Pushkin's library lyrics
The weighty ideas behind the light verse of Eugene Onegin – and a new direction in Pushkin studies



Rachel Polonsky





In a review for the New York Review of Books (July 15, 1965) which he knew would read as an attack on a personal friend, Edmund Wilson accused Vladimir Nabokov of failing to understand why Pushkin’s Evgeny Onegin killed his friend Lensky. For Wilson, this “failure of interpretation” was the most serious of the failures in Nabokov’s “uneven and sometimes banal” version of Pushkin’s great novel in verse, and in his erudite commentary, which vastly outweighed the translation. “There are no out-of-character actions in Evgeni Onegin. Nabokov has simply not seen the point”, Wilson complained. “He does not seem to be aware that Onegin, among his other qualities, is . . . decidedly nasty, méchant.” Wilson followed his criticism with deference to the learning and experience which made Nabokov a “cultural live wire which vibrates between us and [the] Russian past”. “I imagine that nobody else has explored Pushkin’s sources so thoroughly”, Wilson wrote. “Mr Nabokov seems really to have done his best to read everything that Pushkin could possibly have read.”



To do one’s best to read everything that someone else could have read is a particularly searching work of love. In Chapter Seven of Onegin, Tatiana visits the empty country estate of the hero, who has departed after the fatal duel with Lensky. Her encounter with Onegin’s books is the heart of the chapter, which is framed as a divagation by the incorrigibly wayward narrator, who risks forgetting Onegin as he lingers with Tatiana. “At last alone and free” in the silent room, with its portrait of Byron and statuette of Napoleon, Tatiana weeps “copiously”, and then begins to read “avidly”, exploring a “different world”, puzzling over the “true persona” of the cold man for whom she still sighs.

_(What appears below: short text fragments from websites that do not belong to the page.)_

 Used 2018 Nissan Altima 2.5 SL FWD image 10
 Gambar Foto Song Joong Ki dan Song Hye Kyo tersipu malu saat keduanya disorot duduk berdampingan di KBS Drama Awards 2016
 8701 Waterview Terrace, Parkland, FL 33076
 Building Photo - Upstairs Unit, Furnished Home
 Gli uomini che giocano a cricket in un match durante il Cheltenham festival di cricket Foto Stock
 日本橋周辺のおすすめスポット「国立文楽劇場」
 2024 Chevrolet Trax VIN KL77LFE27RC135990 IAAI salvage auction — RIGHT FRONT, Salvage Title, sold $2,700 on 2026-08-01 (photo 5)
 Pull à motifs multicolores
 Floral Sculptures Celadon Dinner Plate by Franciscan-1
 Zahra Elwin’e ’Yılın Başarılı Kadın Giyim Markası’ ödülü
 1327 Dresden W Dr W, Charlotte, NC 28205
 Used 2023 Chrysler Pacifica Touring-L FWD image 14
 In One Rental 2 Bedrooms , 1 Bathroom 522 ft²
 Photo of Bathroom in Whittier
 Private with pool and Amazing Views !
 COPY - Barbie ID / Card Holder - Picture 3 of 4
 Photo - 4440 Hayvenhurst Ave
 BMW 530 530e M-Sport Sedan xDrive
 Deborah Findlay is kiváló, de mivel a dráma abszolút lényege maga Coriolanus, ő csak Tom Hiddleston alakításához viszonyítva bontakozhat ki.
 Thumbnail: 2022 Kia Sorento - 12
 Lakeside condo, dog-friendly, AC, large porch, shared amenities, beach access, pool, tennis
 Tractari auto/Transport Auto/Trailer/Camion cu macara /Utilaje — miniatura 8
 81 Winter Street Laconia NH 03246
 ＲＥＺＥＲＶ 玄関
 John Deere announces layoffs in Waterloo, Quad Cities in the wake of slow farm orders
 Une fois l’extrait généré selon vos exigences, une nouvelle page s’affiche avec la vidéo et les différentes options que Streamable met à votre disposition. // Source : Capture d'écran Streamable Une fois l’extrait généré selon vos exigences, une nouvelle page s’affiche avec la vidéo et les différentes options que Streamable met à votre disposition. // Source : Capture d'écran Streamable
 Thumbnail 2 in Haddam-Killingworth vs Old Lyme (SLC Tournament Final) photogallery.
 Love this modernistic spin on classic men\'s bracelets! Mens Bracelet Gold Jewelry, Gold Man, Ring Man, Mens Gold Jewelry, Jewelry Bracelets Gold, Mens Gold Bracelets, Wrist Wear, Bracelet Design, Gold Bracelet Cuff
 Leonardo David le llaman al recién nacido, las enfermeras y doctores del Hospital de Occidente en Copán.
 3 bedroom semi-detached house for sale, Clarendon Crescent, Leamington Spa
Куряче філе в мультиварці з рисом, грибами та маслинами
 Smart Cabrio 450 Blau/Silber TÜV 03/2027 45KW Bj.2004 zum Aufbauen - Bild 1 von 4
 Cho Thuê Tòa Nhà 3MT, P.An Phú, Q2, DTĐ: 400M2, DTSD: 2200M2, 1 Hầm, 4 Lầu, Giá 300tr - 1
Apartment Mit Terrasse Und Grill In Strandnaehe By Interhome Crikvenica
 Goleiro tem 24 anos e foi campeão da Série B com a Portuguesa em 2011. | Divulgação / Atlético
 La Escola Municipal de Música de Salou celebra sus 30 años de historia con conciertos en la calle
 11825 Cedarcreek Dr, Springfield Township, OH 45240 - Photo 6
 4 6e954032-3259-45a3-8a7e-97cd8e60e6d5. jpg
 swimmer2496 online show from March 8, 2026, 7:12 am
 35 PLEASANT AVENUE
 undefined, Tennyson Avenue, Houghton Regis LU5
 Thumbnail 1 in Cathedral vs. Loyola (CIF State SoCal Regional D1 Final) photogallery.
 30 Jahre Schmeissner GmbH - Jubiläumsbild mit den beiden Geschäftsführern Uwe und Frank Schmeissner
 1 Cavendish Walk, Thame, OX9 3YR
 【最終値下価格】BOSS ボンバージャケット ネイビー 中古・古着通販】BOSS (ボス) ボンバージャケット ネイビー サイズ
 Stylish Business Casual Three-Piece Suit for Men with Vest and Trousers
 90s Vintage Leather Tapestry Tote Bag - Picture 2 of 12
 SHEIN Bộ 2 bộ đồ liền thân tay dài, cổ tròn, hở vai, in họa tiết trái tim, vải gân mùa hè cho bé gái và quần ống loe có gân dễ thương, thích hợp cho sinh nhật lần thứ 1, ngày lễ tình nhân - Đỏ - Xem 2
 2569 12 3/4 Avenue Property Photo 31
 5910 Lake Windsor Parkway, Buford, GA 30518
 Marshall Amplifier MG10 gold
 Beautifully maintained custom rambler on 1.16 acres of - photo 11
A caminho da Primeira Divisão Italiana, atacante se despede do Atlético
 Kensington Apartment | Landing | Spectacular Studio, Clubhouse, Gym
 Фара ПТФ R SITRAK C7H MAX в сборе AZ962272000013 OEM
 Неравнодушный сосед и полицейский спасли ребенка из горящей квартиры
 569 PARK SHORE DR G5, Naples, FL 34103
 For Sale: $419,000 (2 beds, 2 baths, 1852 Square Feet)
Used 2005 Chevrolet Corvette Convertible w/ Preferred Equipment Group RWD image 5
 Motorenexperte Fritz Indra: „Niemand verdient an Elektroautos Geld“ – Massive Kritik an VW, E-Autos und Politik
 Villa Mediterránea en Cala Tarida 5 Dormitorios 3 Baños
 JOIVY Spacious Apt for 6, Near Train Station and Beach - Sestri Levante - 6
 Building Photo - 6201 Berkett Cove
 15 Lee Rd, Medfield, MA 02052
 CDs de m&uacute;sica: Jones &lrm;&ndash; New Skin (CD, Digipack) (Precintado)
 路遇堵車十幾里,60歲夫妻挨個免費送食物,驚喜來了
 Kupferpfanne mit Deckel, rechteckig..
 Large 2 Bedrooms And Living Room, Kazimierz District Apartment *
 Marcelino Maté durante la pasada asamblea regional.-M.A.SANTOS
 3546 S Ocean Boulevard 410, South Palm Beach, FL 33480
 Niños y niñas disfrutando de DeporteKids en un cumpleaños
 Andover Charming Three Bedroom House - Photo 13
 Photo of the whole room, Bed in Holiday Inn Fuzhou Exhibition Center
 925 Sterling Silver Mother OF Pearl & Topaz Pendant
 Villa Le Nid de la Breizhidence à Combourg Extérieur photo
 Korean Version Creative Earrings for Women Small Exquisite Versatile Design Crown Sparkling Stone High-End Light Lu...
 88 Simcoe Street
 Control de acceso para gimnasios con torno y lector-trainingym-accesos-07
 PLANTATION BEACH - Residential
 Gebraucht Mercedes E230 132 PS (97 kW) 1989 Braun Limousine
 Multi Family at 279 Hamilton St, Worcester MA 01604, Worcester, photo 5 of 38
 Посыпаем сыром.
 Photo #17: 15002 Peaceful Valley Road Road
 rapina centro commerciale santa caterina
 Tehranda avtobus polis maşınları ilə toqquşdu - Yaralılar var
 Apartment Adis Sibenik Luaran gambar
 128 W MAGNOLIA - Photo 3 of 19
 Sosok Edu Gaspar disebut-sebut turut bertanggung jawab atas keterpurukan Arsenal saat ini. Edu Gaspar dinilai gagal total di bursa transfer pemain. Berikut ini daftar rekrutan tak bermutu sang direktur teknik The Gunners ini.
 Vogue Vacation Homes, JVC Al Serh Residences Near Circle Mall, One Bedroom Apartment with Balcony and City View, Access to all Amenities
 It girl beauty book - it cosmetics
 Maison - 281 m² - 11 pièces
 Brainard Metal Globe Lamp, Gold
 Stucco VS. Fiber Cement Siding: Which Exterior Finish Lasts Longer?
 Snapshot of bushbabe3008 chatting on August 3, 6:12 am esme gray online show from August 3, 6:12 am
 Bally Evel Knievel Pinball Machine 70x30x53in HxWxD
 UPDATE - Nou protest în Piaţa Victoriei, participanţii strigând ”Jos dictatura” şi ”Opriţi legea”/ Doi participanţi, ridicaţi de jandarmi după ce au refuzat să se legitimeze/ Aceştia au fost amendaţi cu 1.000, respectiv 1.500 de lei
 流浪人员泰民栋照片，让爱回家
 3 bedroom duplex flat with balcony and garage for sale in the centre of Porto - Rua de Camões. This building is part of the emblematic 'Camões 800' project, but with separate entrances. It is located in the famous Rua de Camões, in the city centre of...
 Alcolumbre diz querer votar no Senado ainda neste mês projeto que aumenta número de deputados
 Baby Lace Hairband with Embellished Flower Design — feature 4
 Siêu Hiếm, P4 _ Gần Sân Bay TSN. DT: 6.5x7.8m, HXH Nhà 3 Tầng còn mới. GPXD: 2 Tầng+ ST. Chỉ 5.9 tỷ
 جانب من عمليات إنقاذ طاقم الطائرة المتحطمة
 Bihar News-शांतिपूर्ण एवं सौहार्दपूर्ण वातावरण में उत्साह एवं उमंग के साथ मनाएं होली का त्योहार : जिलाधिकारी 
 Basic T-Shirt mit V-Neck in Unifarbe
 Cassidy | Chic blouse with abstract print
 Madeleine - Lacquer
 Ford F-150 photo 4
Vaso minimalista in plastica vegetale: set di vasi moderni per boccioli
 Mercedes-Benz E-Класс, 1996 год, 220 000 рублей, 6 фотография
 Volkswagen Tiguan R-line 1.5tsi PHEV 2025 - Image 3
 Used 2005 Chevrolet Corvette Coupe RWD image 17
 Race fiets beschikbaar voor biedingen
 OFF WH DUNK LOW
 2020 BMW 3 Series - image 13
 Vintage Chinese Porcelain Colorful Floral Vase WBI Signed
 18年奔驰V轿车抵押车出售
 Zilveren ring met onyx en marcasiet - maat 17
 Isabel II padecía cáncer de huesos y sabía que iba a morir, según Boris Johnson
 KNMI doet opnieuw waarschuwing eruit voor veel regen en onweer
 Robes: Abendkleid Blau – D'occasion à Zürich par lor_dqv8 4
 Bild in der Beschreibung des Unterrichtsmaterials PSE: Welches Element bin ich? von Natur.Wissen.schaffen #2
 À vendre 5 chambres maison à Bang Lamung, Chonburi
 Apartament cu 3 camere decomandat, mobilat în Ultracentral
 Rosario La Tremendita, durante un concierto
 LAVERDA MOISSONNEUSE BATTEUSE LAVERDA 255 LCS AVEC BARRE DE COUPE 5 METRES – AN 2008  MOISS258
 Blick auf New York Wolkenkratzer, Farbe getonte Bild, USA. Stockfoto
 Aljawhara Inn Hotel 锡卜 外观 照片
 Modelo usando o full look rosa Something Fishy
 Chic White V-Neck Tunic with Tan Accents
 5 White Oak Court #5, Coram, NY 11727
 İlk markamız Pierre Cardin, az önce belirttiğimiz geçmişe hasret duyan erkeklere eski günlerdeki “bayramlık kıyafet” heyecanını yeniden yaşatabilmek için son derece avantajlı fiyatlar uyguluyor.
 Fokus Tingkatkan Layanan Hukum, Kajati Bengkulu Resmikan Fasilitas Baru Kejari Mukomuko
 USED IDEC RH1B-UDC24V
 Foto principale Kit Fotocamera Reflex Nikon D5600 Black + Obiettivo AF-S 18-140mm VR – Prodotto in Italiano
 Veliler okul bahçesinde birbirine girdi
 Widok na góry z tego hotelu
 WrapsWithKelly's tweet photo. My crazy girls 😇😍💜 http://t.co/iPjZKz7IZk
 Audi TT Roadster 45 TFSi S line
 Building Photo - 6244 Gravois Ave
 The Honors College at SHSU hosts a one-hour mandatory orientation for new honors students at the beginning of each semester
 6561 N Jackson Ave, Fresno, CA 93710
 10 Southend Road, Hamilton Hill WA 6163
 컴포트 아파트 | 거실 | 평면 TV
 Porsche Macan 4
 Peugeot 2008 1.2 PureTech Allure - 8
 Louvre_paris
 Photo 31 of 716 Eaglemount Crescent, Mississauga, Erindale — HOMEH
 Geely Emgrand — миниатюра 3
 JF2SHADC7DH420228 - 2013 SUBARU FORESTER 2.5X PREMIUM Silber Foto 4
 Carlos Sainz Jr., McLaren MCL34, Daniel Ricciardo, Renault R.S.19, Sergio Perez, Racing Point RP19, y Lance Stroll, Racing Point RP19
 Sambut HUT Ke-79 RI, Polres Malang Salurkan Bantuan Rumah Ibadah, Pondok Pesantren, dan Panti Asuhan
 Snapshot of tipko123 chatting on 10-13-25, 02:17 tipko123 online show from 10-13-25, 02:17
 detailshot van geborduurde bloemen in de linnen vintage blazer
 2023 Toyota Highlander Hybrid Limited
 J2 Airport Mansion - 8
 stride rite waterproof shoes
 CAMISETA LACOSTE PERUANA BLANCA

Here is the twenty-third stanza in Stanley Mitchell’s masterly new translation:



There were preserved on many pages
The trenchant mark of fingernails,
With them the watchful girl engages
As if she were deciphering spells.
Tatiana saw with trepidation
What thought it was or observation
Had struck Onegin, what they meant,
To which he’d given mute consent.
And in the margins she encountered
His pencil marks by certain lines.
Throughout, his soul was by such signs,
Without his knowing it, expounded,
Whether by cross, by succinct word,
Or question mark, as they occurred.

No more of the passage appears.